ECB president Mario Draghi decides substantial monetary stimulus to ensure eurozone financial conditions and support the euro area expansion.

Based on regular economic and monetary analyses, ECB conducted a thorough assessment of the economic and inflation outlook, also taking into account the latest staff macroeconomic projections for the euro area. As a result, ECB Governing Council took the following five decisions in pursuit of its price stability objective.

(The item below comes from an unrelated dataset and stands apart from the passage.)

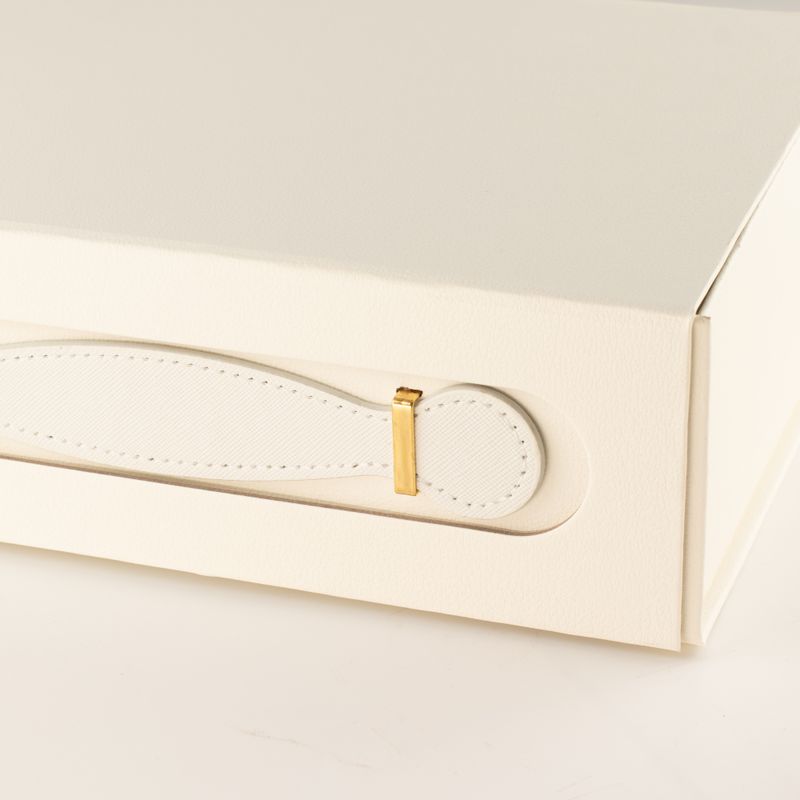 Scatola regalo da montare - Cesto regalo medio (24x18.2x8cm) - Bianco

It is high time for the fiscal policy to take charge

Mario Draghi, ECB President

  1. The interest rate on the deposit facility will be decreased by 10 basis points to -0.50%. The interest rate on the main refinancing operations and the rate on the marginal lending facility will remain unchanged at their current levels of 0.00% and 0.25% respectively. The Governing Council now expects the key ECB interest rates to remain at their present or lower levels until it has seen the inflation outlook robustly converge to a level sufficiently close to, but below, 2% within its projection horizon, and such convergence has been consistently reflected in underlying inflation dynamics.
  2. Net purchases will be restarted under the Governing Council’s Asset Purchase Programme (APP) at a monthly pace of €20 billion as from 1 November. The Governing Council expects them to run for as long as necessary to reinforce the accommodative impact of its policy rates, and to end shortly before it starts raising the key ECB interest rates.
  3. Reinvestments of the principal payments from maturing securities purchased under the APP will continue, in full, for an extended period of time past the date when the Governing Council starts raising the key ECB interest rates, and in any case for as long as necessary to maintain favourable liquidity conditions and an ample degree of monetary accommodation.
  4. The modalities of the new series of quarterly Targeted Longer-Term Refinancing Operations (TLTRO III) will preserve favourable bank lending conditions, ensure the smooth transmission of monetary policy and further support the accommodative stance of monetary policy. The interest rate in each operation is at the level of the average rate in the Eurosystem’s main refinancing operations over the life of the respective TLTRO. For banks whose eligible net lending exceeds a benchmark, the rate in TLTRO III operations will be lower and can be as low as the average interest rate on the deposit facility prevailing over the life of the operation. The maturity of the operations will be extended from two to three years.
  5. In order to support the bank-based transmission of monetary policy, a two-tier system for reserve remuneration will be introduced, in which part of banks’ holdings of excess liquidity will be exempt from the negative deposit facility rate.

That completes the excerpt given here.